=== Provided material ===
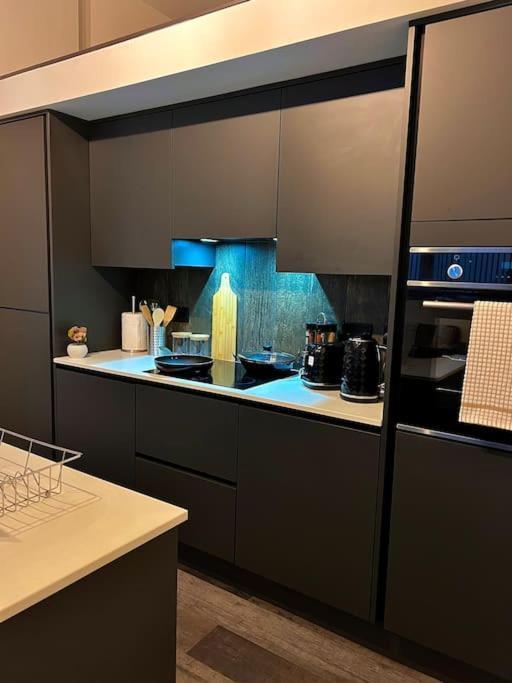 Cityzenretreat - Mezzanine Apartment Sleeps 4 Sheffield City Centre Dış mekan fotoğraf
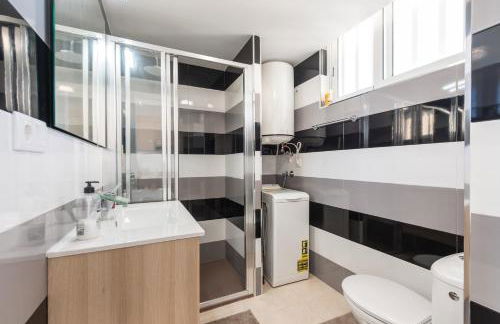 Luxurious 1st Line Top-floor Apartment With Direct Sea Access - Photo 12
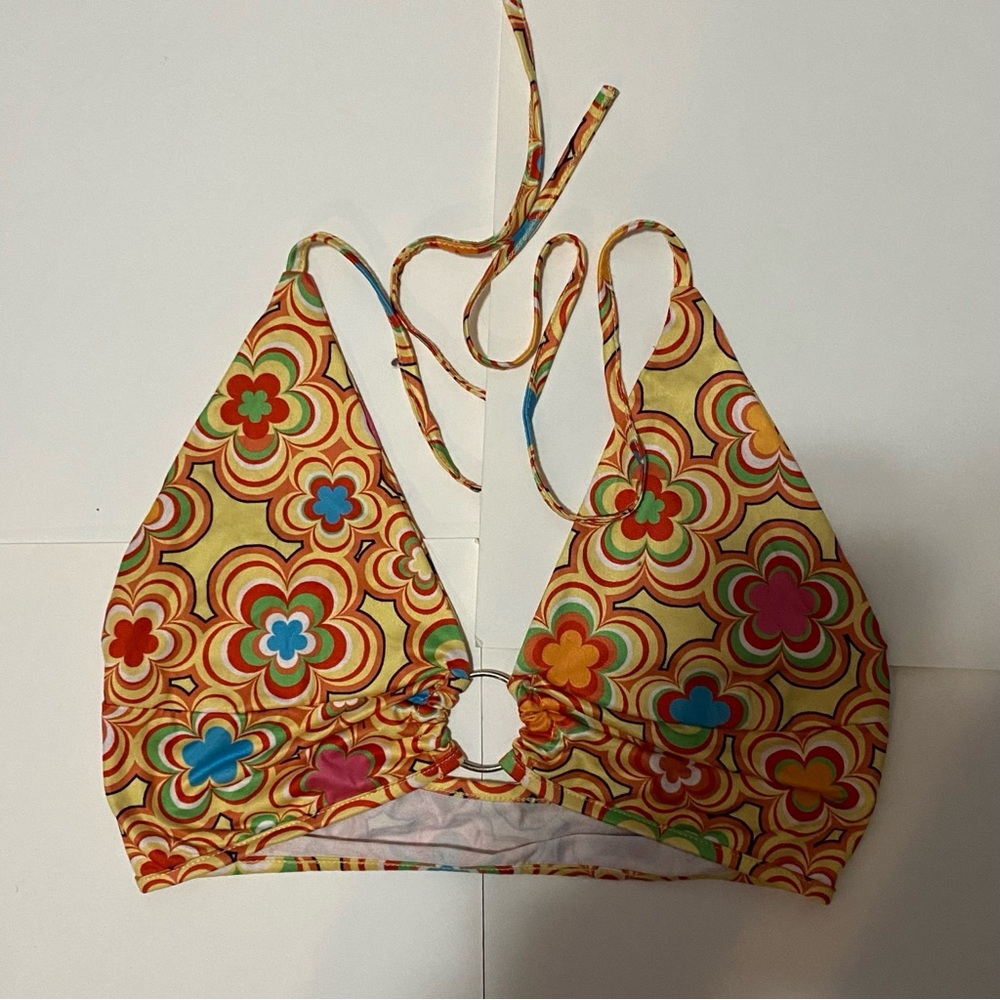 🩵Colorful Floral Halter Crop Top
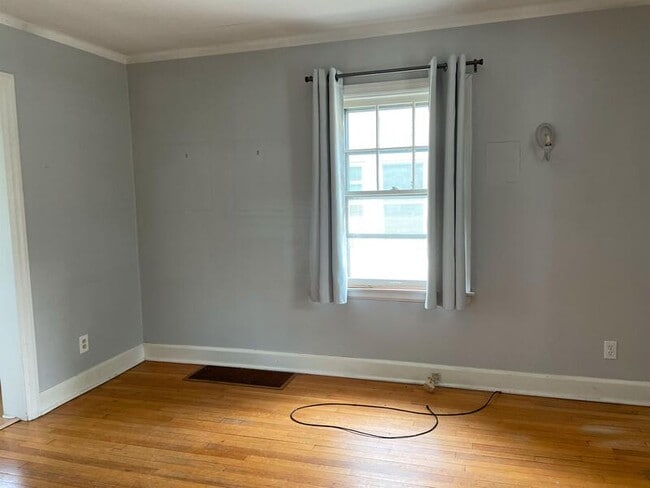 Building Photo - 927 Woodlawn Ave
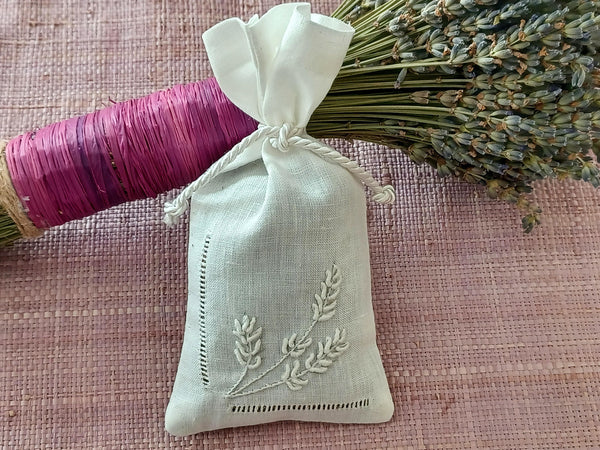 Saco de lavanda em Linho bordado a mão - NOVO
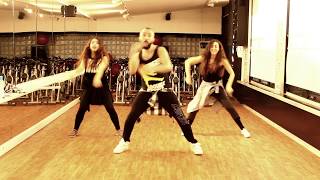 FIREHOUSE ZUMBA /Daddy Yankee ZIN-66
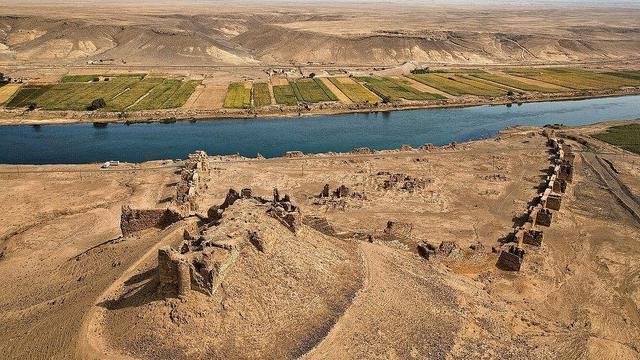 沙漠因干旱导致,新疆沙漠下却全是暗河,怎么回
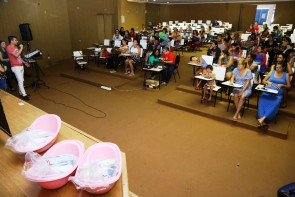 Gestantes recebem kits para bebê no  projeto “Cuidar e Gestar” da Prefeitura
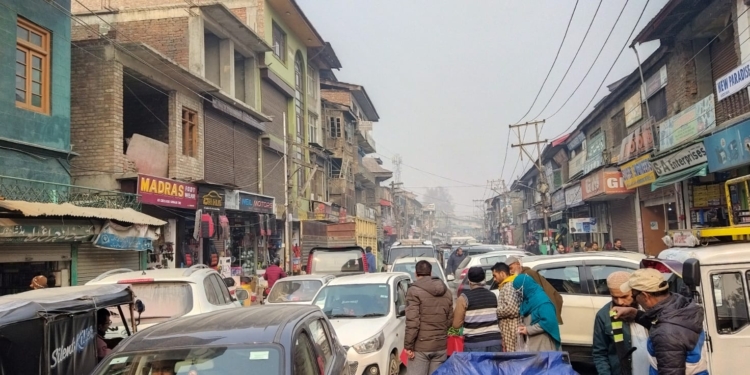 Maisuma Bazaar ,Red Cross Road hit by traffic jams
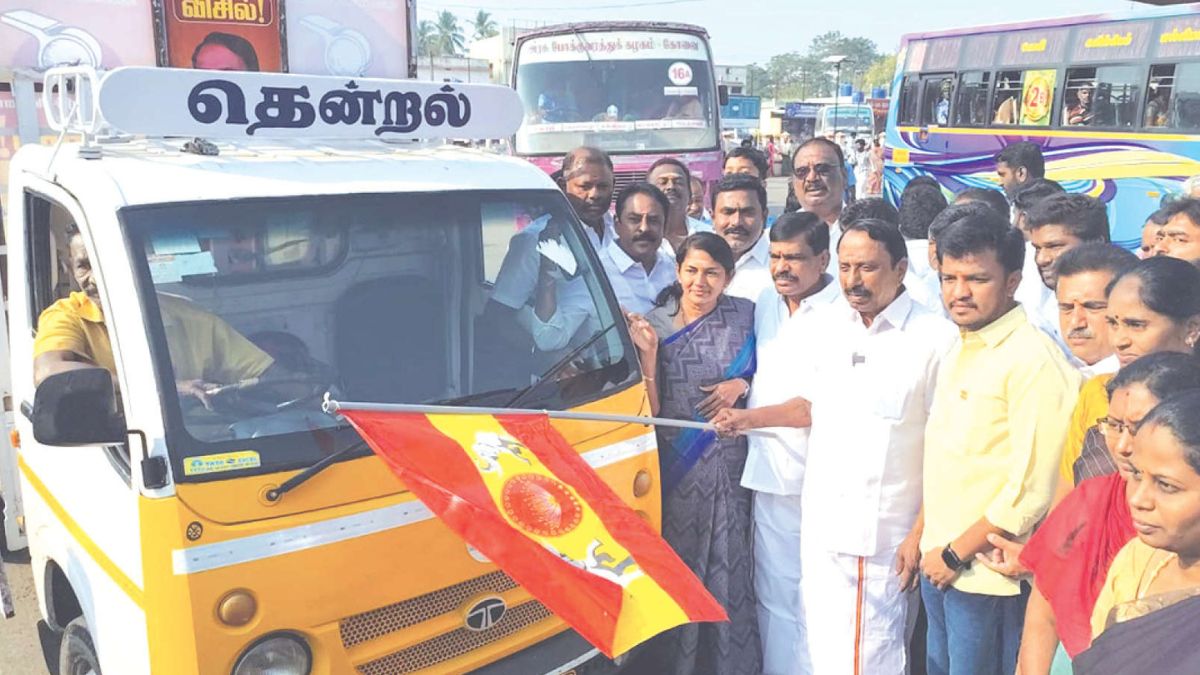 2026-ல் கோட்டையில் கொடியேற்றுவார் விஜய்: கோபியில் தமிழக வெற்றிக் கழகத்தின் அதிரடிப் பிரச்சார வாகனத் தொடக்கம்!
===
Copy exactly the lines from the line containing "FIREHOUSE ZUMBA /Daddy Yankee ZIN-66" through the last line of the records above, both included, and leave out any pictures.

 FIREHOUSE ZUMBA /Daddy Yankee ZIN-66
 沙漠因干旱导致,新疆沙漠下却全是暗河,怎么回
 Gestantes recebem kits para bebê no  projeto “Cuidar e Gestar” da Prefeitura
 Maisuma Bazaar ,Red Cross Road hit by traffic jams
 2026-ல் கோட்டையில் கொடியேற்றுவார் விஜய்: கோபியில் தமிழக வெற்றிக் கழகத்தின் அதிரடிப் பிரச்சார வாகனத் தொடக்கம்!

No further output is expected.